How to properly use baked lights with Lightmapper?

I have a point light, which mode is set to “Baked”.

Once I bake with Lightmapper (GPU) light’s intensity is doubled - their own contribution + lightmaps.

Should I disable these lights at this point and keep them for futher adjustments?

Once it’s baked I can’t change their intensity.

I need to clear baked data so light intensity can be adjusted again.

So what’s the proper workflow here?

Anyone? I understand that this is a advanced technology of the ancient, but I assume any one used baked lights in unity before, right? Any hints appreciatd.

Are we looking at a corner on the image, or a flat plane? It’s a bit difficult to tell.
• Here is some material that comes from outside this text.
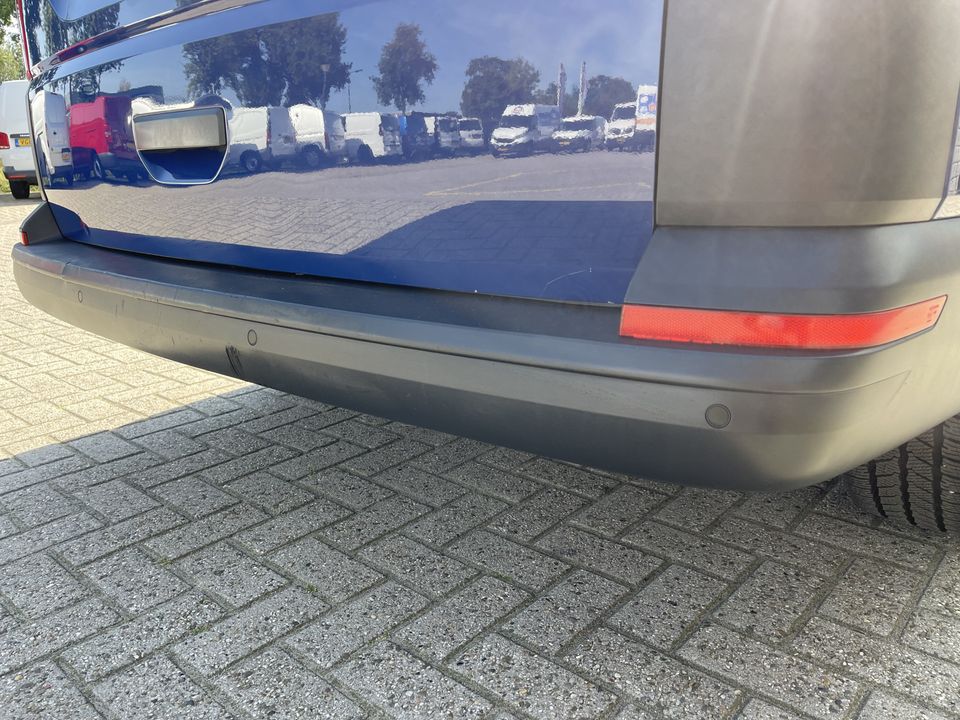 Volkswagen Transporter 2.0 TDI 102pk L1H1 Comfortline / vaste prijs rijklaar € 17.950 ex btw / lease vanaf € 329 / airco / cruise / navigatie / imperial / achterklep / parkpilot / 2 stoelen met armsteun !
Either way, baking light will often make the scene brighter. Without baking, you only get direct illumination, which only accounts for a fraction of the light you would observe in reality. After baking, you also capture the result of light bouncing around the scene - global illumination.

Once it’s baked I can’t change their intensity.

That’s expected. For a baked light, intensity is just an input the baking process. If you want to change the intensity, you need to re-bake, as the resulting lightmaps and probes will be different.

Once I bake with Lightmapper (GPU) light’s intensity is doubled - their own contribution + lightmaps.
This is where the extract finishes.